Assim, conclui-se que a pastoral não significa empirismo e ingenuidade nas relações comunitárias, nem sequer exclusão do recurso aos princípios doutrinais indispensáveis para darem a energia e a fecundidade própria do apostolado pastoral; mas significa, principalmente, aplicação concreta e existencial das verdades teológicas e dos carismas espirituais ao apostolado, àquele apostolado que se dirige a cada indivíduo e à comunidade das pessoas, o qual, dizíamos, se chama cura das almas.

Tudo isto diz respeito, podeis pensar, à hierarquia, ao sacerdócio ministerial e aos Pastores, que, no Povo de Deus, são investidos da função específica de transmitir aos fiéis os dons da palavra, da graça e da caridade comunitária. É verdade. Esta é a nossa responsabilidade, plena e directa, que se torna ainda maior quanto mais próximo é o grau que nos une à Pessoa de Cristo e à sua missão de salvação.

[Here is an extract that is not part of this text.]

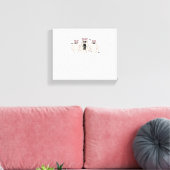 Coquette geesten met een zwarte kat Classic T-Shir Canvas Afdruk (Insitu (Woonkamer))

Recordai, porém, que o Concílio também insistiu sobre o valor do exercício do Sacerdócio comum dos fiéis (cfr. Lumen Gentium, nn. 10, 11), o Sacerdócio real, como São Pedro lhe chama (cfr. 1 Pdr 2, 5-9). O Concílio despertou nos cristãos o sentido da sua responsabilidade na história da salvação (cfr. Lumen Gentium, nn. 30-34); todos os fiéis devem ser missionários (cfr. Ad Gentes, n. 36). Além disso, reconheceu que certas formas de apostolado não podem ser exercidas convenientemente senão pelos leigos (cfr. Lumen Gentium, n. 31, e toda a Constituição Gaudium et Spes), dedicando ao apostolado dos leigos um Decreto completo (Apostolicam Actuositatem). Dir-se-ía que o Concílio fez sua a palavra bíblica: o Senhor « impôs a cada um deveres para com o próximo » (Ecl 17, 12).

O Concílio quis criar uma atmosfera de pastoral colectiva e recíproca; quis estreitar os vínculos operativos da caridade, que nos une todos em Cristo; com as suas modernas estruturas, quis dar outra vez à Igreja o entusiasmo, a solidariedade e a solicitude da primitiva comunidade cristã (cfr. Act 4, 32 ss.).

Em termos publicitários, poderíamos dizer que o Concílio, ao dar tanta importância ao seu carácter pastoral, quis ser operação-coração. Tornemo-la nossa, com a Nossa Bênção Apostólica!